You sell it and double your money.
Then a few months later, you invest in the same stock at a share price of $4. It goes up to $5.
You sell it again, for another 25% gain!
A year later, you see it rallying again.
You buy it at a price of $10, and sell it for $15.
Another 50% gain!
At this point, you’re pretty happy with yourself.
You’ve turned your $1,000 into $3,750.
Not bad!
But here’s what has actually happened.
A stock that you were invested in has gone up from $1 to $15.
Yet you only enjoyed the gains from $1 to $2, $4 to $5, and $10 to $15.
That’s not even half the gains.
Had you simply left your $1,000 in at $1, you would now have $15,000.
Instead, you have $3,750.
Now imagine if this weren’t just a $1,000 one-off investment.
Imagine if it were $1,000 invested every month for 50 or 60 years.
You would literally lose out on tens of millions of dollars.
As soon as you sell, your growth stops!
Ponder this:
Say you buy a house for $500k.
After 3 years, it’s gone up to $600k.
Wow – $100k gain!
You decide to cash out and sell.
Assume after paying the mortgage, legal bills etc, you made a gain of $50k.
Good result?
Sure.
But here’s the million dollar question.
What will you do with that $50k now?
Unless you find somewhere to reinvest it, you’ve essentially stopped growing.
So what most people do is take that $50k, get another loan, and buy another property.
If that’s the case – why even bother selling in the first place?
You could have just held onto the house, and in a few more years, it would grow from $600k to $700k. And then $800k to $900k. And then $900k to a million.
All you’ve done is temporarily stopped your wealth from growing (and created a lot of extra work for yourself!)
Stocks work in exactly the same way.
If you sell your stocks, you can’t sit on that cash if you want to grow wealth.
You need to find somewhere to reinvest it.

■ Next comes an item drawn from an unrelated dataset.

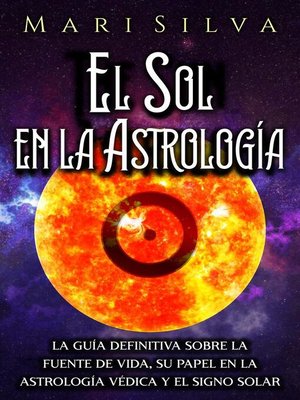 cover image of El Sol en la Astrología La guía definitiva sobre la fuente de vida, su papel en la astrología védica y el signo solar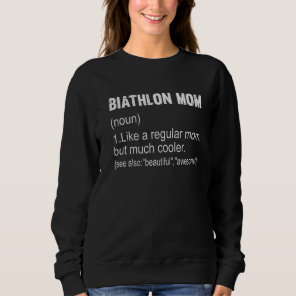 Biathlon Mom Definition  Biathlon Mom For Women Sweatshirt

So why not just leave it invested in the first place?!
Remember what the goal is
What are we trying to achieve by saving and investing?
Are we trying to make an extra $1,000 to buy a cool phone?
Or are we trying to create early retirement and financial freedom?
Generational wealth?
An abundance of assets to hand down to our grandchildren?
The fact that you “can’t” sell your stocks, or don’t get a dividend, isn’t a downside.
It’s an advantage.
It means more of your wealth remains invested in businesses, compounding year-on-year to grow your wealth faster.
In fact, I now actively favour stocks that don’t pay dividends, because I don’t want to need to think about where to reinvest that cash. I prefer the company keeps that cash and finds somewhere to invest it for me.
The reality is – when you’re growing your wealth, your investments aren’t supposed to provide you an income.
Even the dividends are just bonuses; the best possible thing you can do with them is reinvest them into more stock.
The money you require for daily living should come from other cash-flow sources, such as your job and your side hustles.
By leaving your money invested in companies that are constantly growing and reinvesting into more growth, your money will compound into a small fortune over time.
This is why buy-and-hold is so effective.
Over time, the creation of wealth is almost guaranteed.